Steps to Creating a Family Mission Statement

To get the discussion under way, Judy McKenna of the Colorado State University Cooperative suggests in a 2003 article ( that your affluent clients begin by asking themselves some questions to determine goals and priorities, such as:

  • What are our family’s priorities and values?
  • Are there any goals that we want to achieve as a family?
  • What are our family’s individual (e.g., college) and collective (e.g., wealth transfer) needs?
  • How can we serve our community?
  • If someone were to write an article about our family in 20, 50, or 100 years, what would we want it to say?

Within the conversation, it is important to review the past while also focusing on the future. This may help to dispel any family myths and uncover strong emotions such as fear or greed.

Many advisors have found it helpful to separate a client’s core values into three basic sections: Wealth values, philanthropic values, and interpersonal values.

  • Wealth Values: To what end will the family build and manage its wealth
  • Philanthropic Values: What is the role of the family in the community? What should members of the family do to ensure the community remains healthy?
  • Interpersonal Values: How should family members behave toward each other? How should disputes among family members be resolved?
  • A fourth section may be added if your client is involved in a family business. For simplicity’s sake, this could be called “Business Values” where you would want to ask how the family business should operate, and in what industries, and for what purposes?

Put It in Writing

If your affluent clients are thinking about and discussing these questions with you, it will help set a framework for the mission statement. However, discussion is only the first step to implementing a plan. Putting the mission statement in writing gives it credibility and emphasizes its importance.

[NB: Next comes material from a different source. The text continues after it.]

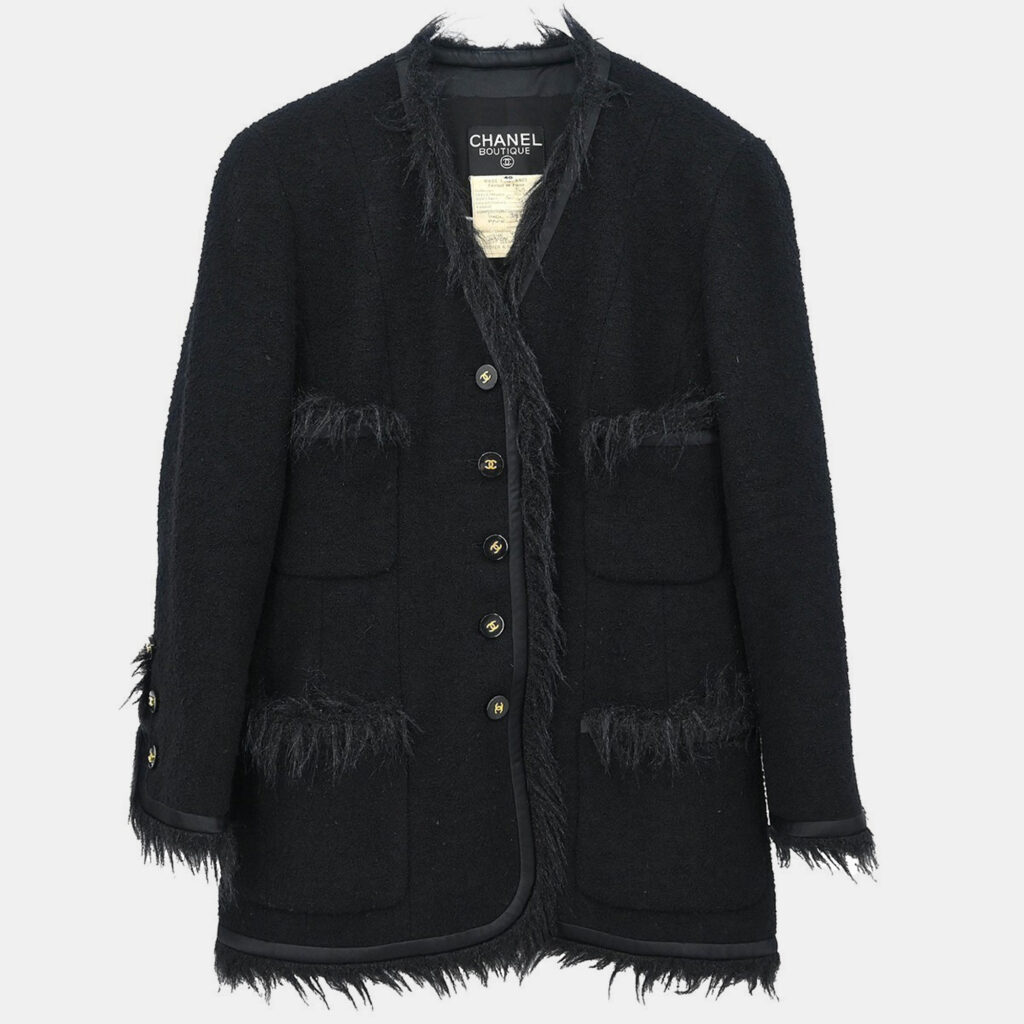 Chanel Single Breasted Collarless Black Wool Jacket Size 40 Chanel Single Breasted Collarless Black Wool Jacket Size 40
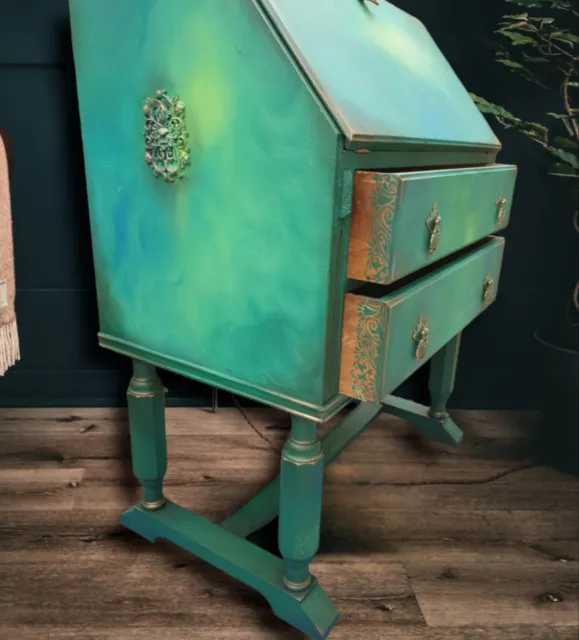 Stunning Vintage Emerald Green Bureau Writing Desk Hand Painted Upcycled...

The mission statement need not conform to one specific structure. The statements can be as short or long as the family wants. The length can range from two sentences to one full page (this could include information on the family’s history and how its wealth was created). Here are some examples of family mission statements pulled together by Roy Williams and Vic Preisser in their book, Preparing Heirs: Five Steps to a Successful Transition of Family Wealth and Values, (Robert D. Reed Publishers, 2003):

  • “To use our resources to strengthen our family and to support causes in which we believe;
  • To strengthen our family and use its assets wisely; to enable our family and others to realize their fullest potential; to value and encourage love, work, self-sufficiency, and cooperation within the family and the larger community;
  • To live with integrity and make a difference in the lives of others.”

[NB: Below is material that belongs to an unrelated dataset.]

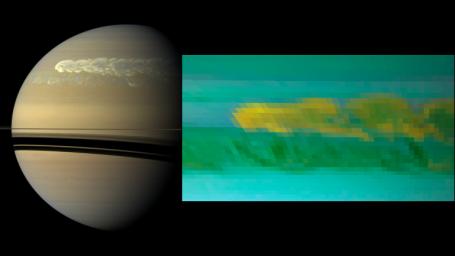 This set of images from NASA's Cassini mission shows the turbulent power of a monster Saturn storm. The visible-light image in the back, obtained on Feb. 25, 2011 shows the turbulent clouds churning across the face of Saturn.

Whatever the length and the goals of the family wealth mission statement, it is imperative that each family member be committed to the statement’s goals and purpose. Your clients should realize that a family wealth mission statement cannot be decided by the senior generation alone if it is expected to be followed by all family members. Studies have shown that, for the mission statement to be effective, it must incorporate a joint sense of purpose versus one dictated by the patriarch or matriarch.

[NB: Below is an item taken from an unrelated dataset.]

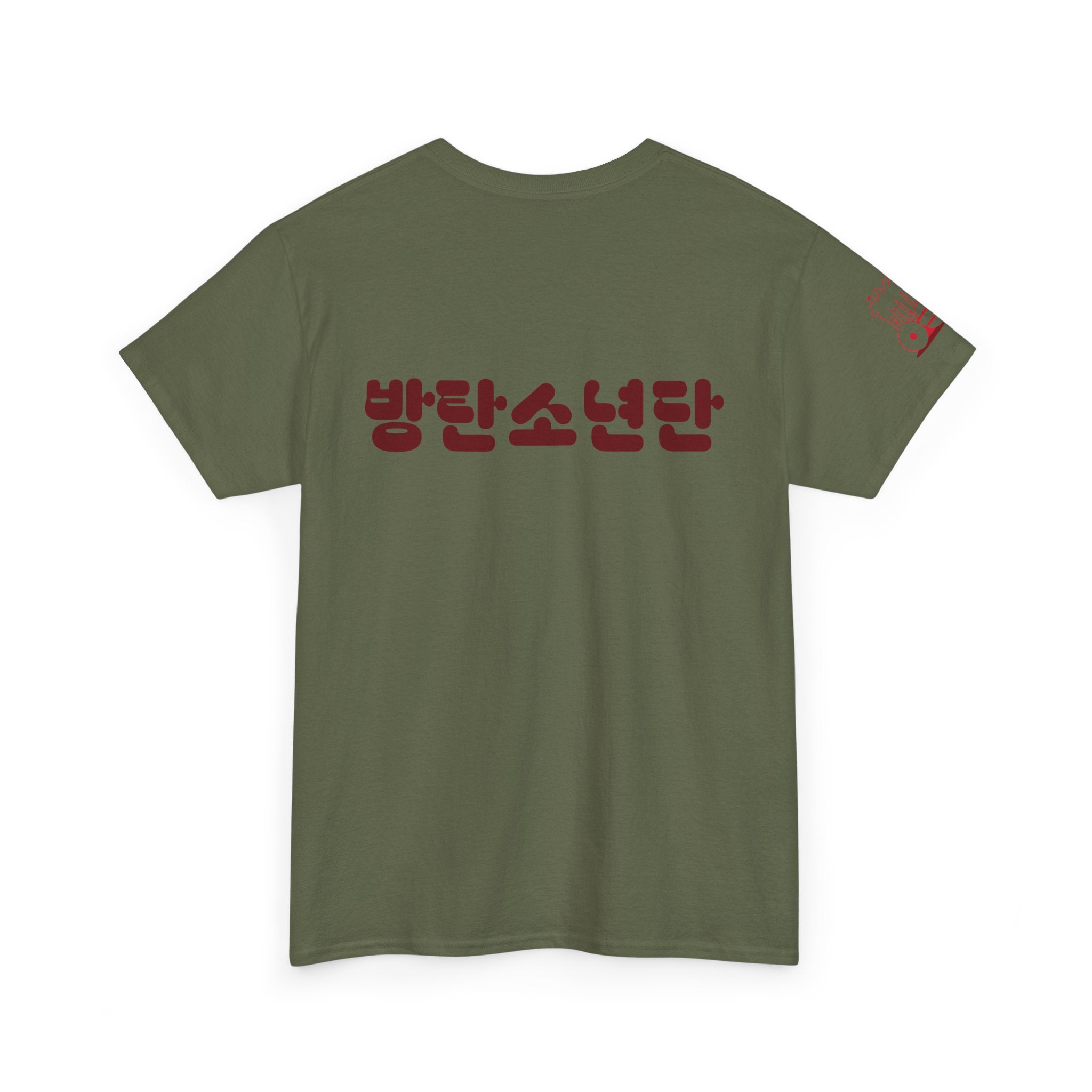 BTS Arirang T-Shirt by Printify featuring Korean Hangul text, perfect for BTS world tour and concert fans.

The statement should be reviewed regularly to ensure that the goals are still relevant, counsels Judy McKenna. You can encourage your clients to review their mission statements every three to five years, as well as after any major family event occurs, such as the birth of a new generation, the entrance of the younger generation into the workforce or the death of a grandparent.

But beyond encouraging consistent financial reviews or identifying objectives, the suggestion of a family mission statement can help set you apart from the competition. While any advisor can help determine basic financial goals and schedule meetings, the mission statement offers a creative and innovative way for affluent families to not only manage their wealth but also create a structure of stewardship for that wealth for their future generations.